Note on GlobalPartitionCount: This metric comes from the kafka.controller:type=KafkaController,name=GlobalPartitionCount MBean, which only exists on controller nodes. For Jolokia, kcp queries all broker endpoints and uses the first successful response. For Prometheus, the JMX Exporter must be scraping the controller pods/brokers for this metric to be available. With the default JMX Exporter configuration, the metric is exposed as kafka_controller_kafkacontroller_value{name="GlobalPartitionCount"}. If GlobalPartitionCount is not found, kcp will log an info message and the metric will be omitted from results — all other metrics will still be collected.

Ensure your Prometheus instance is scraping the Kafka controller nodes (not just broker nodes).

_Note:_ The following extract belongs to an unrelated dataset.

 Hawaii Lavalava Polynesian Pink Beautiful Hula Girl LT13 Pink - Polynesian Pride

In Kubernetes with KRaft mode, controllers may run as separate pods (e.g. kafka-kraftcontroller-*) that require their own PodMonitor or ServiceMonitor.

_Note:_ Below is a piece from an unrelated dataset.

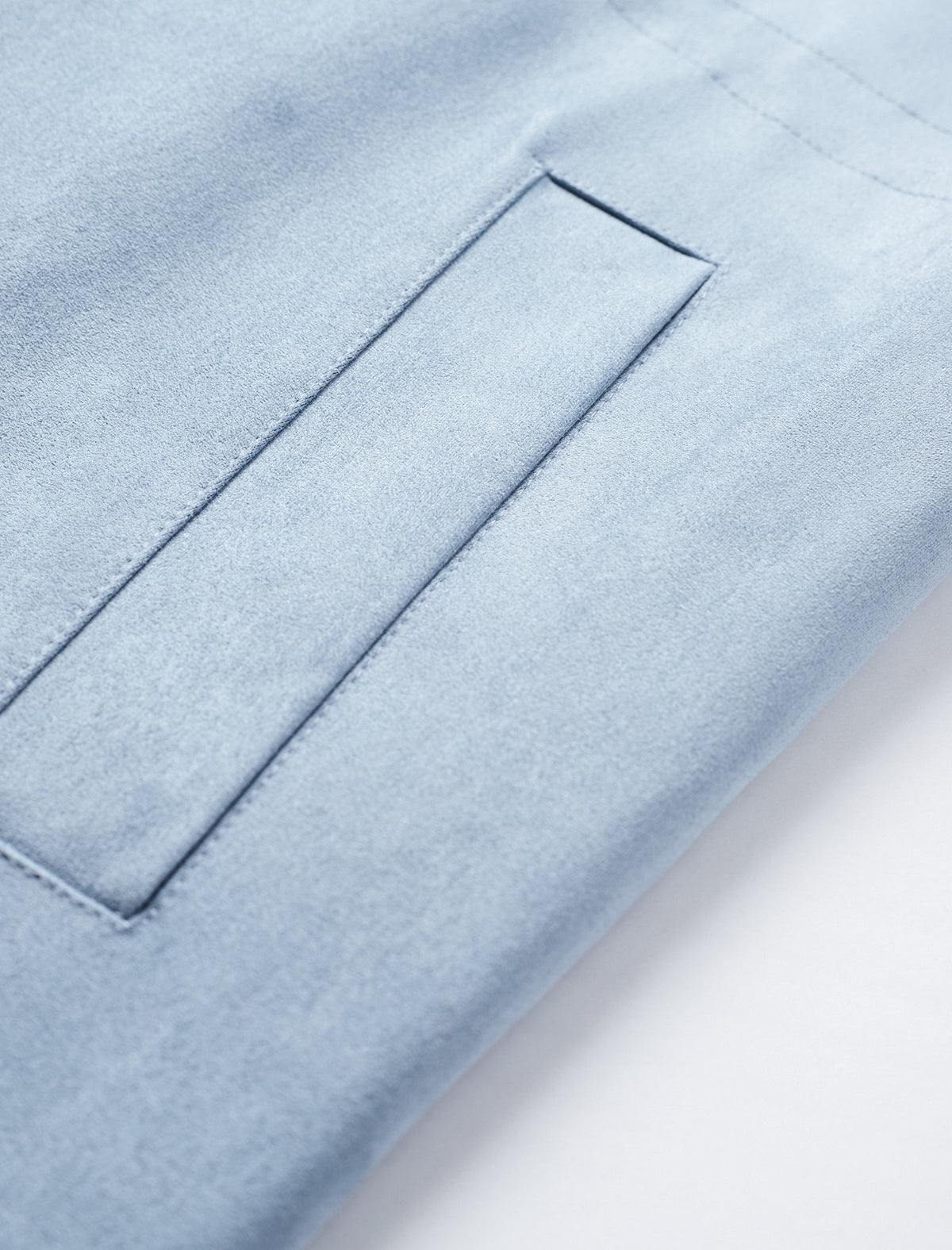 Blue Waist-Defining Vintage Trench Coat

These metric names (kafka_server_brokertopicmetrics_*, kafka_server_replicamanager_*, etc.) are the defaults produced by the Prometheus JMX Exporter with a standard Kafka configuration. If your exporter uses custom relabelling rules that rename these metrics, the queries will return empty results.

Filtering by cluster (Prometheus)¶

When a single Prometheus instance scrapes multiple Kafka clusters, use filter.labels in apache-kafka-credentials.yaml to scope queries to a specific cluster. See the prometheus field reference for details.

Worked examples¶

# Live polling for 5 minutes, 10s interval (default)
kcp scan clusters --source-type apache-kafka --state-file kcp-state.json \
  --credentials-file apache-kafka-credentials.yaml \
  --metrics jolokia --metrics-duration 5m

# Historical pull from Prometheus, last 30 days
kcp scan clusters --source-type apache-kafka --state-file kcp-state.json \
  --credentials-file apache-kafka-credentials.yaml \
  --metrics prometheus --metrics-range 30d

After either run, inspect the result with kcp ui or generate a metrics report with kcp report metrics.